### SOURCE DATA

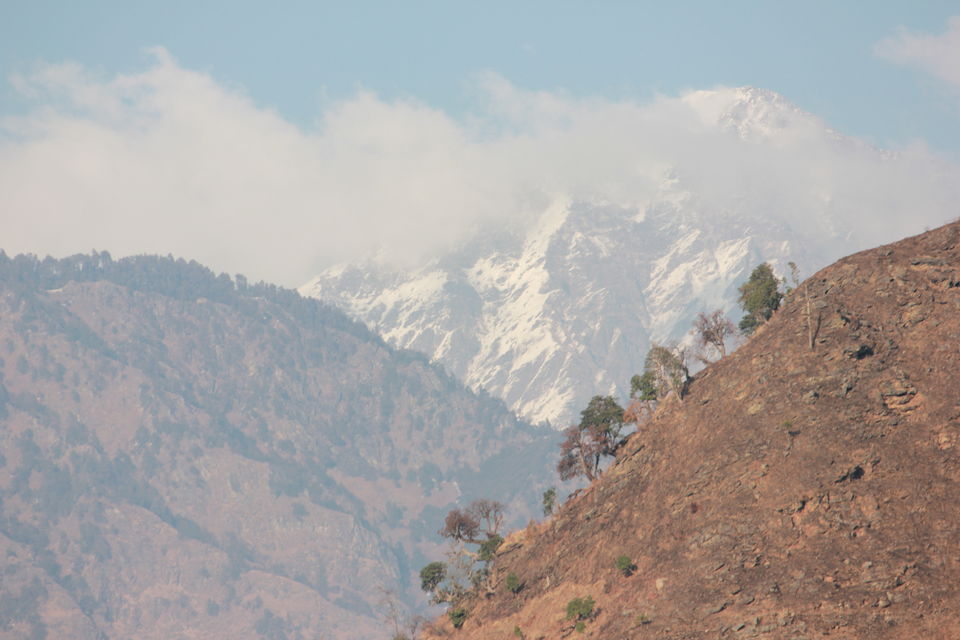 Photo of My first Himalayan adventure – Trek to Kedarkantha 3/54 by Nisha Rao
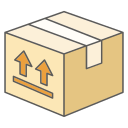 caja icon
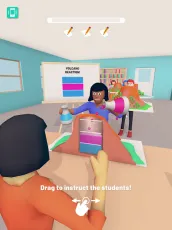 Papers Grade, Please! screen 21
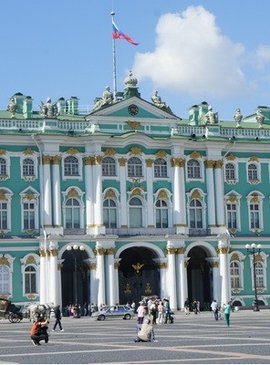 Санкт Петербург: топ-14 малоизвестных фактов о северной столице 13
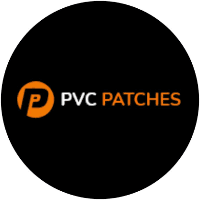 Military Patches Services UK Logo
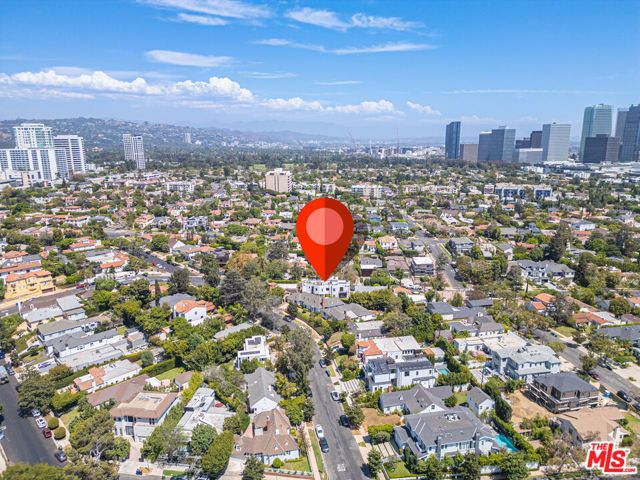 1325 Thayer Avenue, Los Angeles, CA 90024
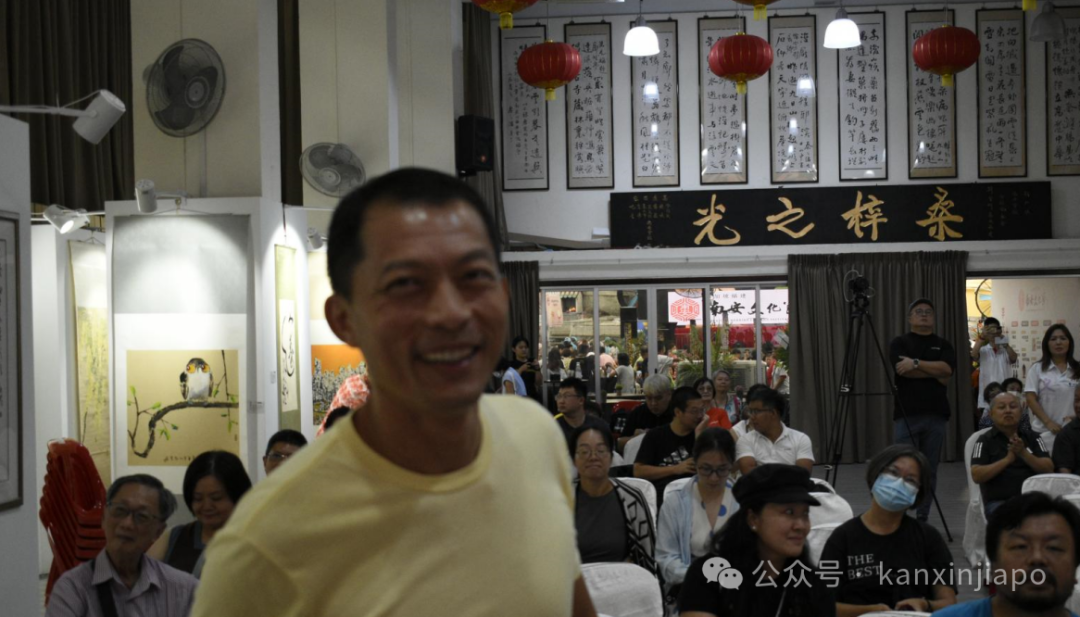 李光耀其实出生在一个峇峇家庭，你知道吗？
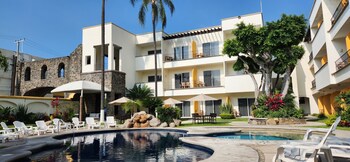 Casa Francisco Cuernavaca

######
### SOURCE DATA

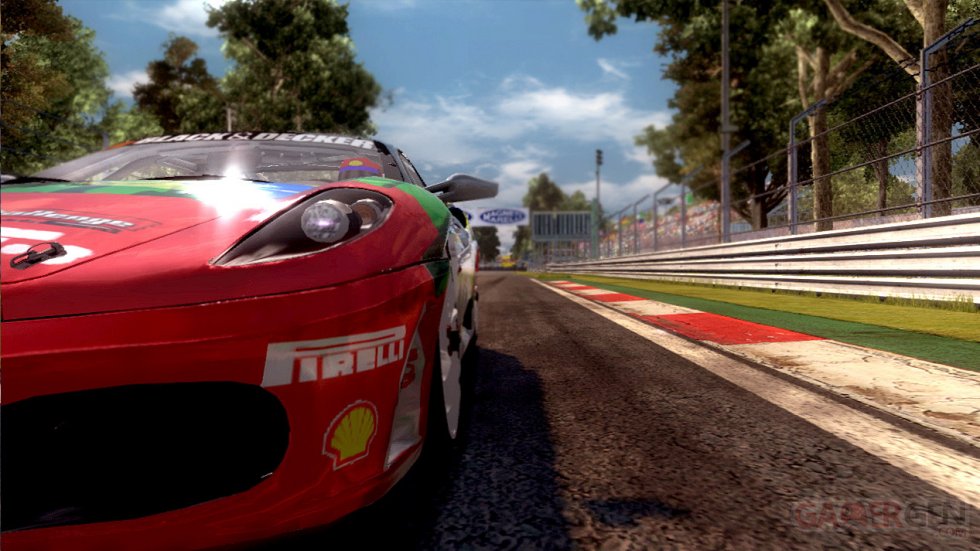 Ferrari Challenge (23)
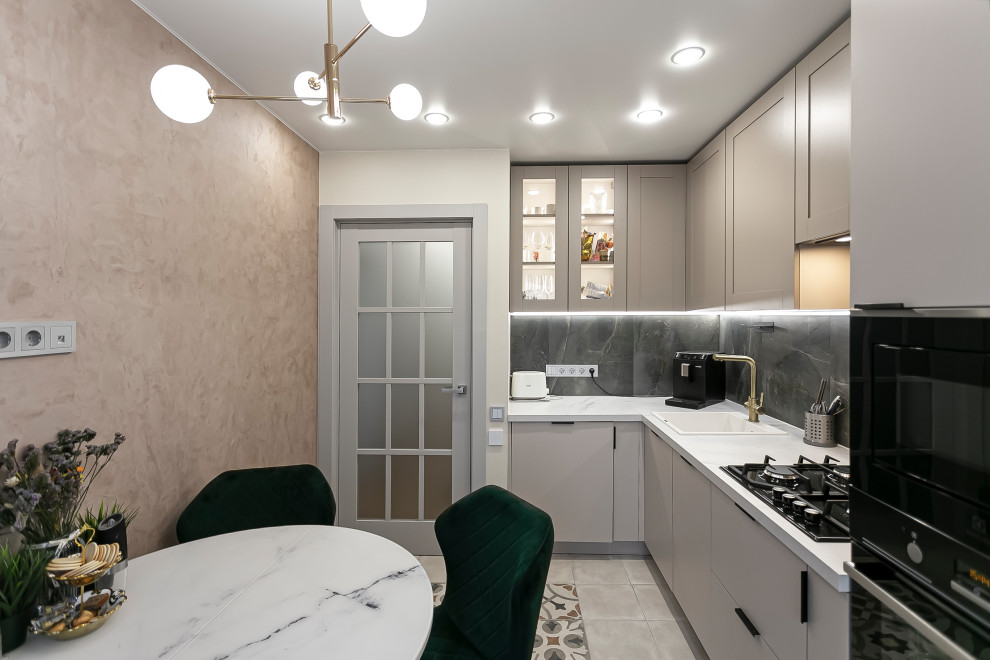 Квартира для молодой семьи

######

**TASK DIRECTIONS**.
The output is the stretch above from the line with "Military Patches Services UK Logo" through the line with "Casa Francisco Cuernavaca", copied word for word with both ends kept and every picture dropped.

**EXERCISE OUTPUT**.
 Military Patches Services UK Logo
 1325 Thayer Avenue, Los Angeles, CA 90024
 李光耀其实出生在一个峇峇家庭，你知道吗？
 Casa Francisco Cuernavaca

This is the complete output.